What the exercise asks: Since the records include pictures, leave those out while you reproduce exactly and only the lines from the one containing "Suitable for home" through the one containing "Image 1 of Peter", inclusive.

Stored data:
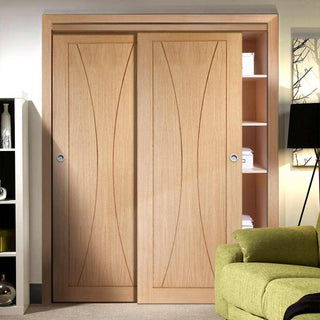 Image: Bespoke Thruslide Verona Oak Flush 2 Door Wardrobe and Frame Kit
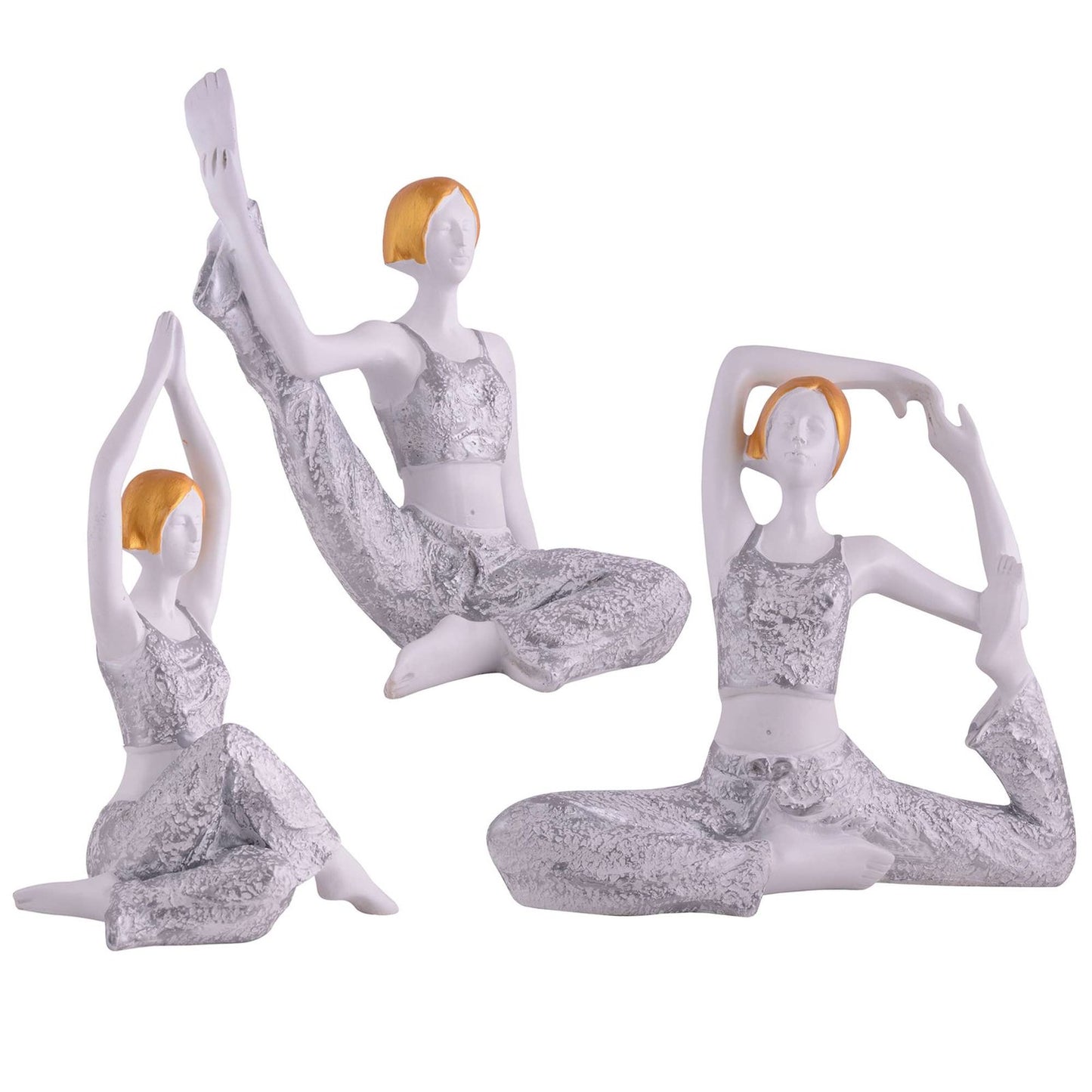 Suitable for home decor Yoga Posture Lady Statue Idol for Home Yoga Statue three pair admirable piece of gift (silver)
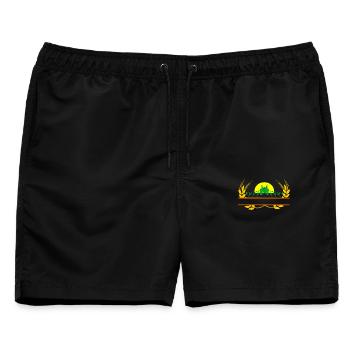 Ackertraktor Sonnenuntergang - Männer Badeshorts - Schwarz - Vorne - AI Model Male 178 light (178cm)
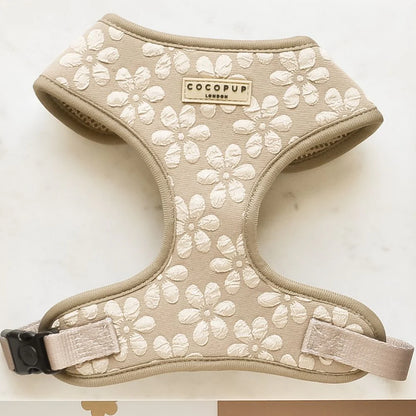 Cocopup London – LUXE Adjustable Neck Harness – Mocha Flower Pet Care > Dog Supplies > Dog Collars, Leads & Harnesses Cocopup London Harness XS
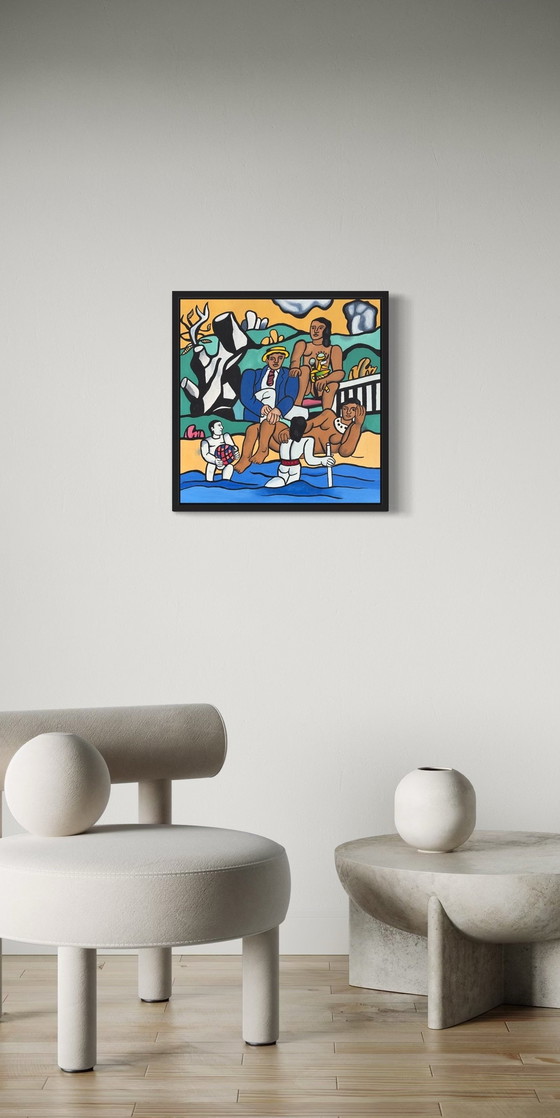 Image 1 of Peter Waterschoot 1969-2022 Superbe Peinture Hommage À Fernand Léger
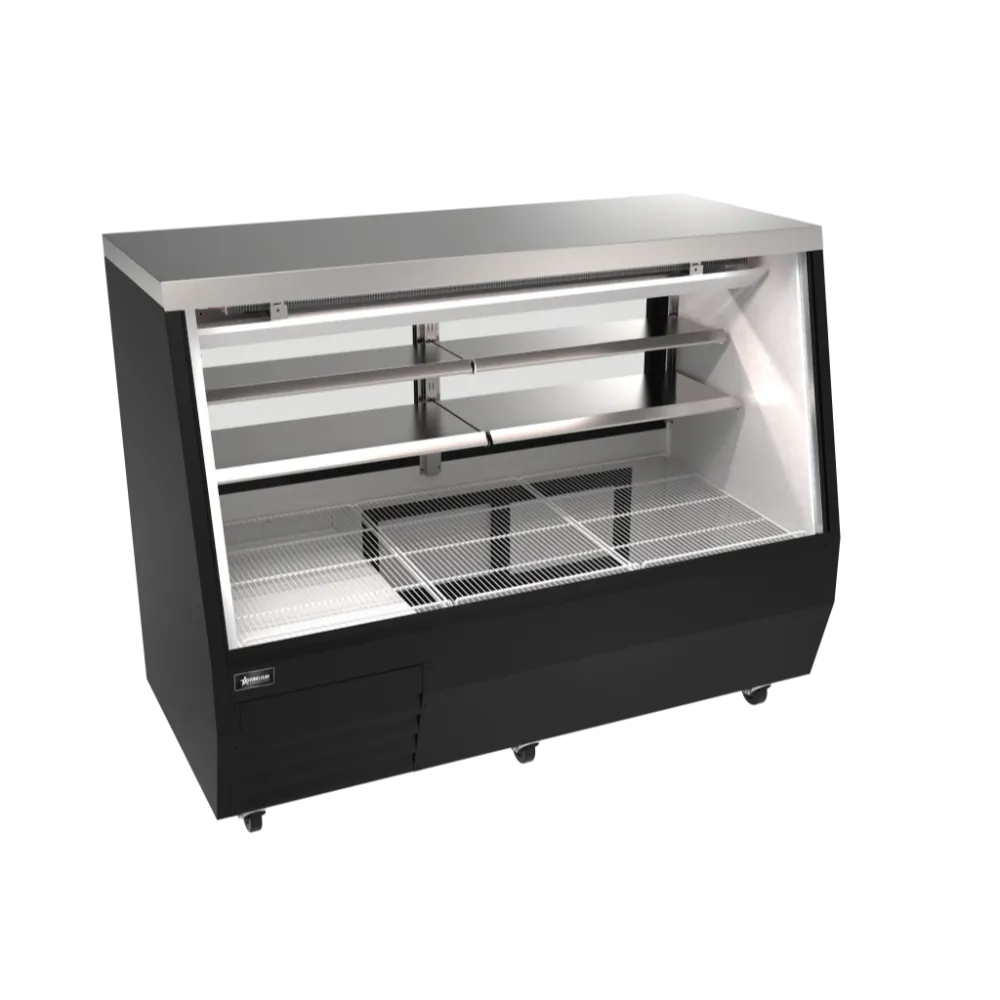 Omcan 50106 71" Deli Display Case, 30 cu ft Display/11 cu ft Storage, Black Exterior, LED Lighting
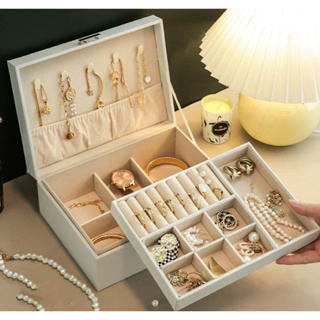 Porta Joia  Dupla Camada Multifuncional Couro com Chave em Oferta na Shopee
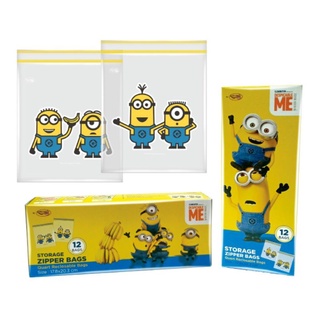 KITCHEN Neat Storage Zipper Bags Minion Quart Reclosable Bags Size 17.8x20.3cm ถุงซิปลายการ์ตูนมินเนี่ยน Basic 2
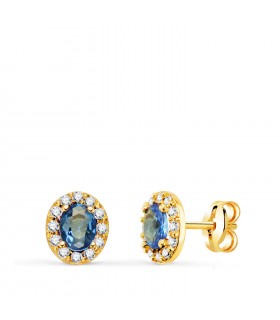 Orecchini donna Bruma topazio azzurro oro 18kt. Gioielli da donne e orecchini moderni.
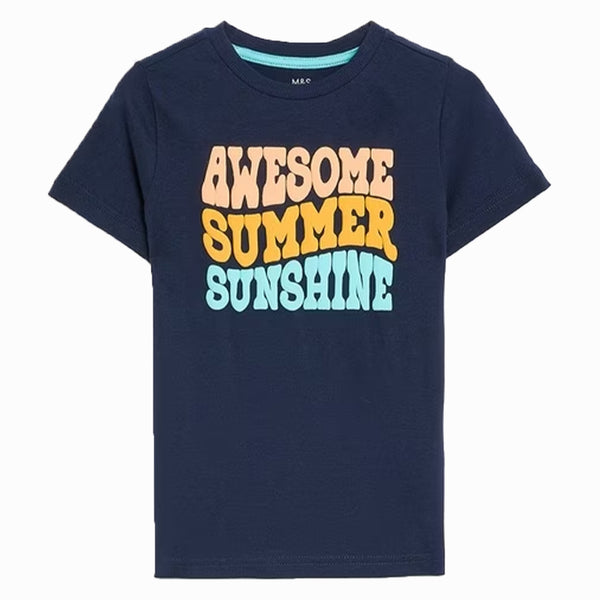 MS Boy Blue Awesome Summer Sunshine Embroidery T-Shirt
--
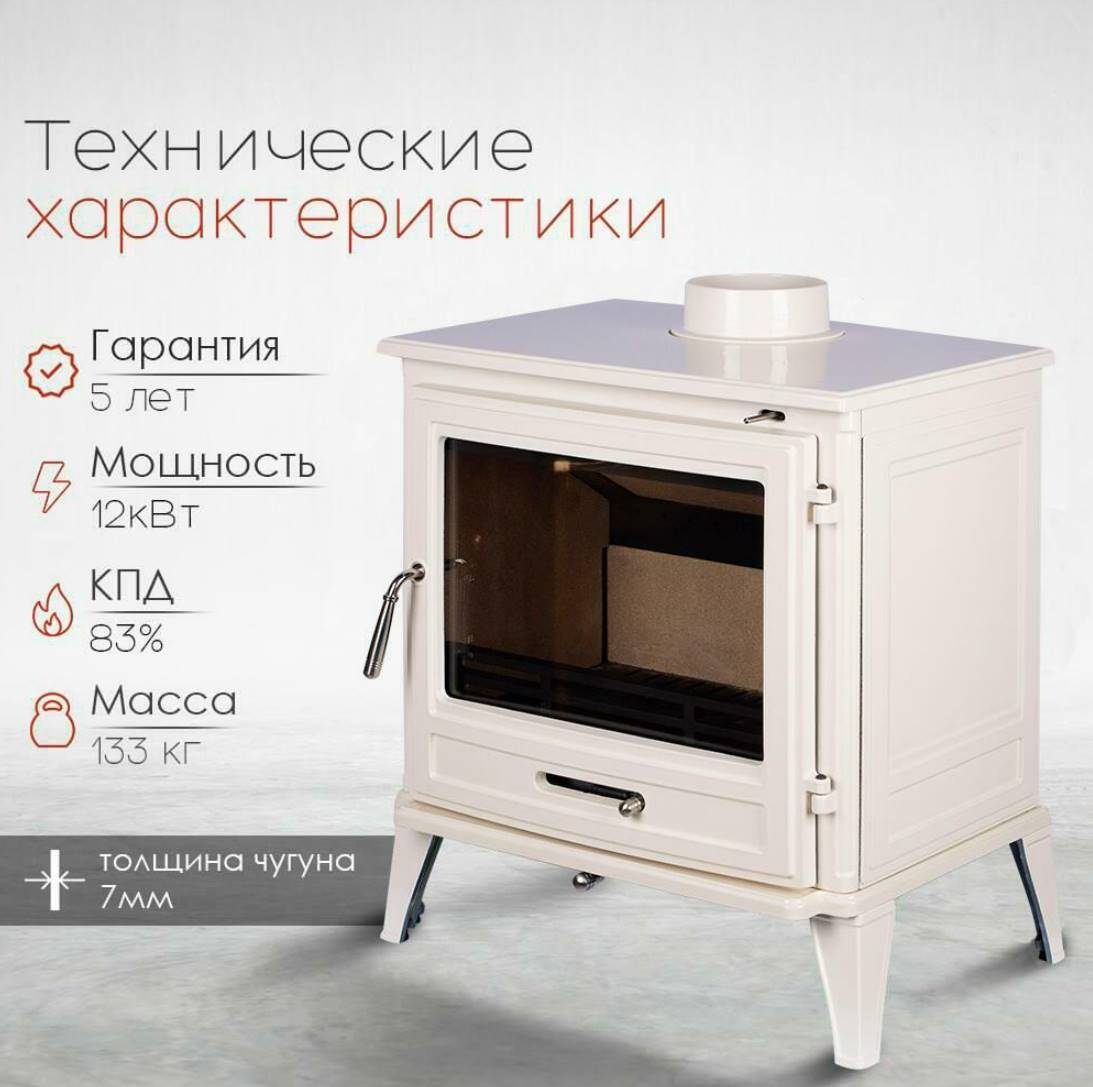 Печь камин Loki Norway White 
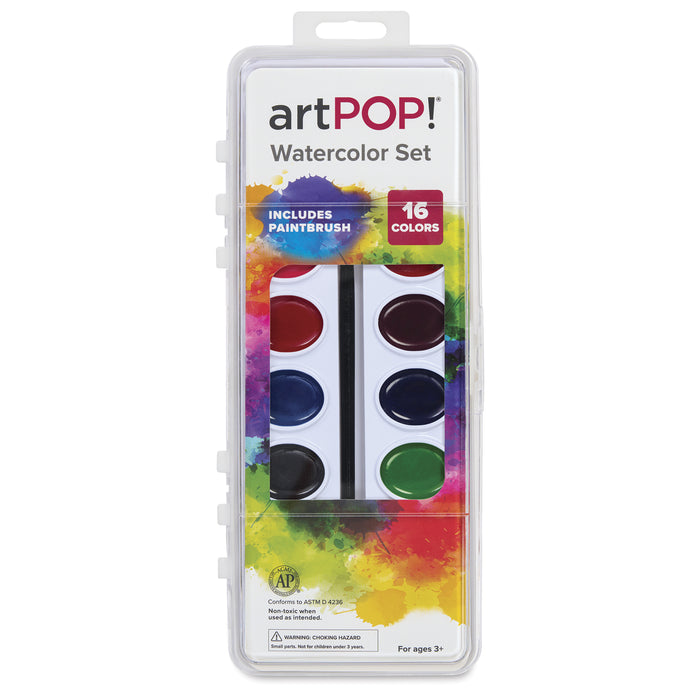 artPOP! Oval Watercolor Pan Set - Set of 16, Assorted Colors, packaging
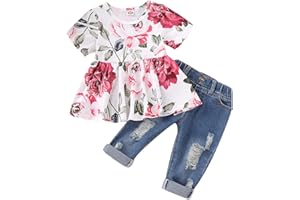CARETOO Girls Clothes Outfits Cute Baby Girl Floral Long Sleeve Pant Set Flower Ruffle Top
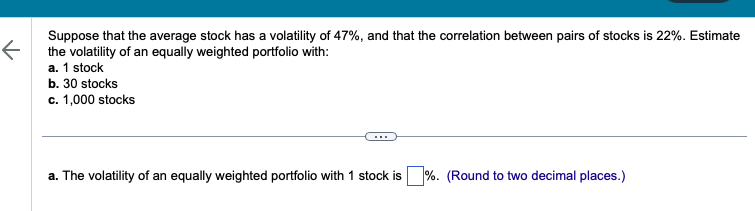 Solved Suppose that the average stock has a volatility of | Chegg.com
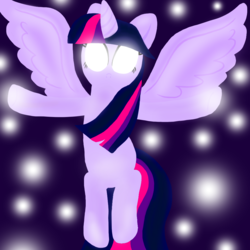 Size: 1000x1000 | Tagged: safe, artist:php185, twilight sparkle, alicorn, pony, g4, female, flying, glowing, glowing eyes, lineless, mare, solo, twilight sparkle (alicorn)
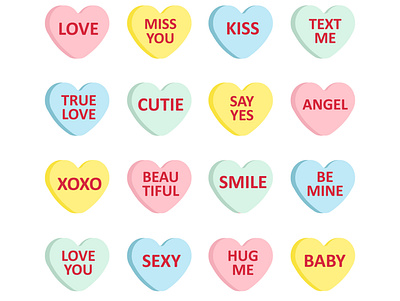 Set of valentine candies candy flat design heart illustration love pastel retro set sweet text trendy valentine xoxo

Solution to this problem:
 Suitable for home decor Yoga Posture Lady Statue Idol for Home Yoga Statue three pair admirable piece of gift (silver)
 Ackertraktor Sonnenuntergang - Männer Badeshorts - Schwarz - Vorne - AI Model Male 178 light (178cm)
 Cocopup London – LUXE Adjustable Neck Harness – Mocha Flower Pet Care > Dog Supplies > Dog Collars, Leads & Harnesses Cocopup London Harness XS
 Image 1 of Peter Waterschoot 1969-2022 Superbe Peinture Hommage À Fernand Léger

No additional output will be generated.